Friday, January 23, 2015

Some Thoughts on Self-Care

I have been having a blog post bounce around in my head for a little bit about self-care. It is getting to be the end of January and most of us have given up on our giant resolutions to change the world (and ourselves). The mid-winter blahs have deeply set in and we are in the season of self flogging. Nothing says the end of January and "Hello" to February like how much you are hating yourself.

I wanted to write an amazing post about how to take care of yourself in great, healthy ways, but tonight as I sit down to write... I am feeling A LOT more like, "Just don't nuke yourself and you'll be doing alright!".

We are having a crazy week at our house. (a bit more so than usual) A small redecorating project has taken on a life of its own and is holding my entire family / household hostage!! My kitchen has been buried for 6 days now. I have my daughter's entire contents of her closet / drawers on my bedroom floor. (and since she is 2 1/2 this means that half of them have been worn for roughly 30 minutes and then discarded. I have laundry piling up, moods souring, and patience winding down. How about a little bit of self-care.  HAR HAR!!!!!
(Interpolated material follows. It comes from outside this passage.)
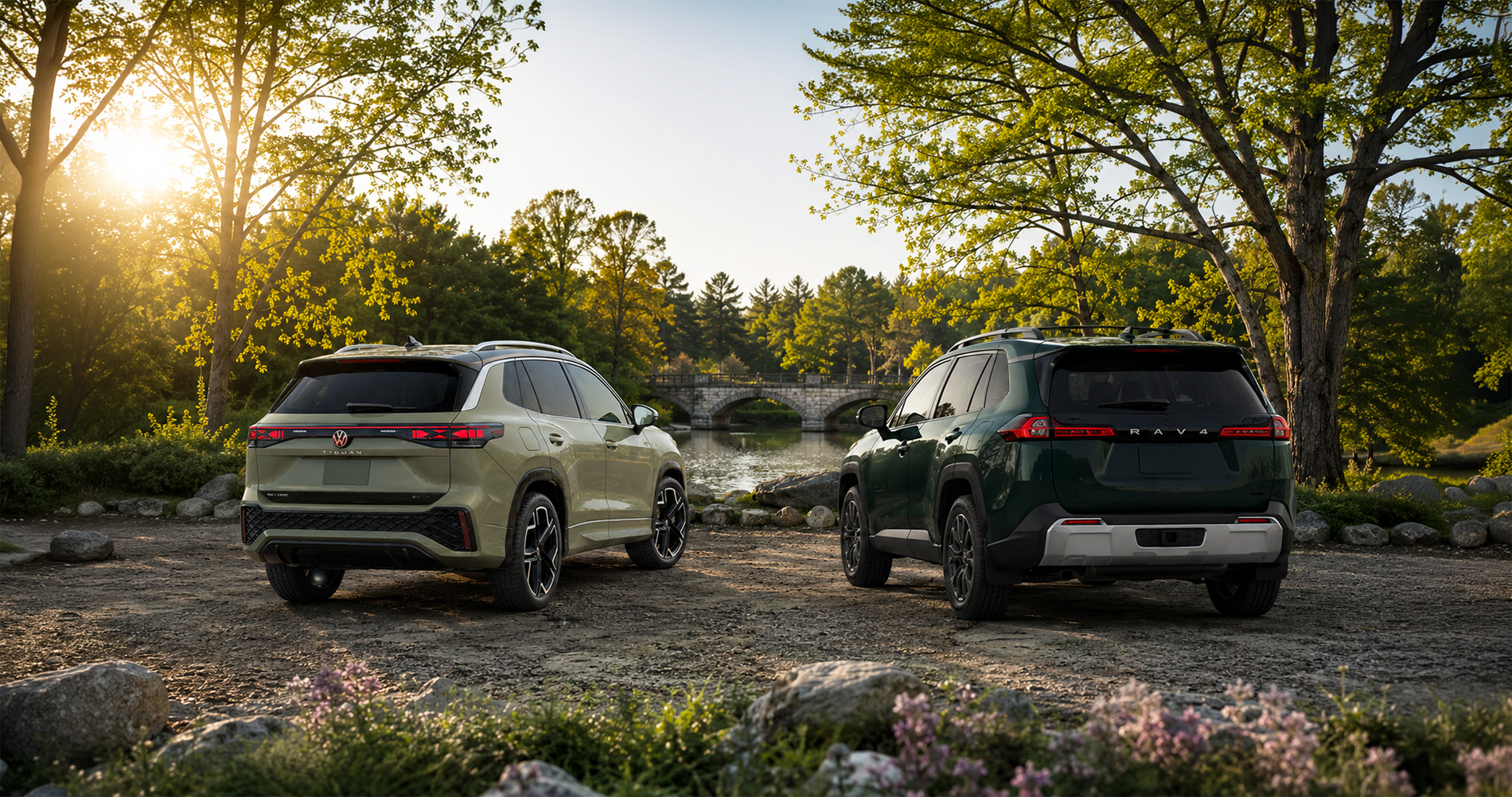 Green Tiguan and RAV4 SUVs parked near a stone bridge at sunrise, highlighting outdoor capability and rear design.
I was going to write a wonderful post that talked about instead of treating yourself with food (even "healthy" food) rewarding yourself in other ways. Like a long bath or a pedicure, Perhaps a long walk or a new download of a favorite song. But instead, I am feeling a bit more like we should talk about when things aren't going so well.....  perhaps it is best to NOT eat the entire leftover birthday cake that has been calling to me all day saying things like, "chocolate mousse and chocolate butter cream frosting Will make you feel better --- sooooo much better".  (Birthday cake is a LIAR!)

Not only is it not good for you, but eating (or drinking) things like that only make things worse. Caffeine, sugar and chemicals do not just create bad behaviors in children - Look in the mirror honey. I used to wonder why I was so completely out of control at 4:30pm most days, yes, it has to do with kids and responsibilities and all that, but I can promise you, it isn't being helped by my 4:00 coke and a snickers bar.
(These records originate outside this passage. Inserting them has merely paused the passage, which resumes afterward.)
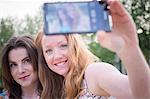 Close up of two young female friends in park taking selfie on smartphone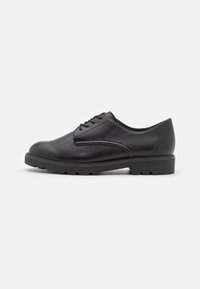 Chaussure oxford en cuir noir avec un embout arrondi, des détails cousus et une semelle en caoutchouc texturé. Présente un système de laçage classique.
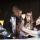 Un groupe d'élèves regardent la surface interactive d'une table qui émet une lumière blanche.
I developed the habit a really really long time ago, of rewarding myself with a Coke when things were going good. And then it quickly became a pick-me-up, and then a consolation. None of those choices are good ones, and to be absolutely brutally honest - None of those are choices that I want my children to be making. If it isn't a choice that I want the people that I love and take care of to be making.... Is it one that I should be making for myself. (Don't I want to love and take care of myself too?)

This has been a rough week, some of them just are. There is no way around it. Lots and lots of things in our lives happen to be out of our control. And when those crazy unforeseen things happen to us, Let us make the best of what we can by controlling the things that we Can control.
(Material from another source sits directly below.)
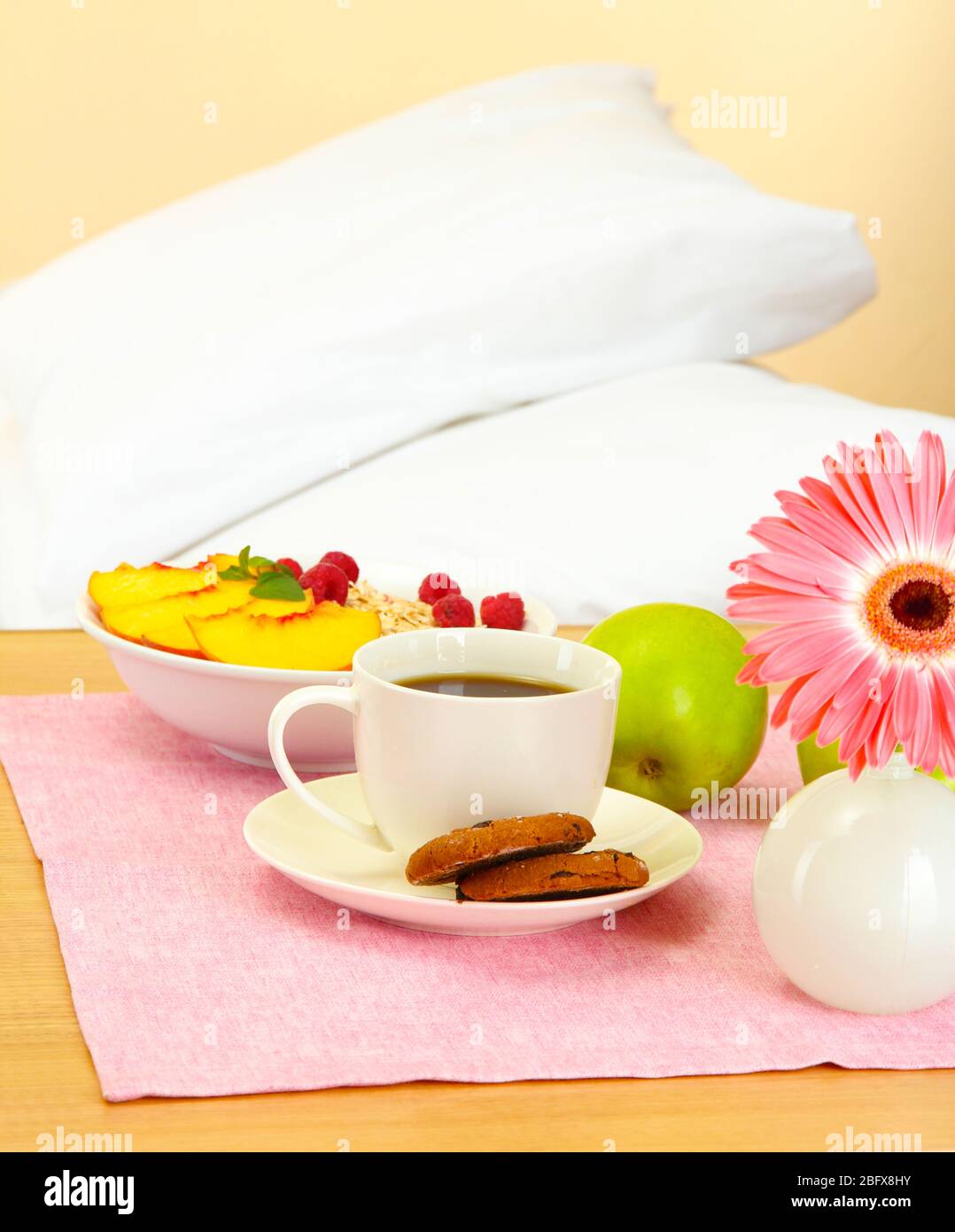 light breakfast on the nightstand next to the bed Stock Photo Alamy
I have felt a little bit like one of my small kiddos when they are washing their hair and they rub their eyes... "AHHH I have Soap In My Eyes".... (rubs eyes with soapy hands!) - "Waah, I have Soap IN my eyes," Continuing to rub hands covering with bubbles in eyes. "Someone is Putting Soap actually INTO my Eyes!".  Goodness Gracious, I have to stop and take a deep breathe and say to myself - do not make this worse.

Give yourself the best tools to cope with the situation. Help yourself to BE your BEST self to deal with the situation. And when you come through it with flying colors.... or drag your beleaguered self across the finish line - you can start a new happy of wearing your wildest socks to celebrate.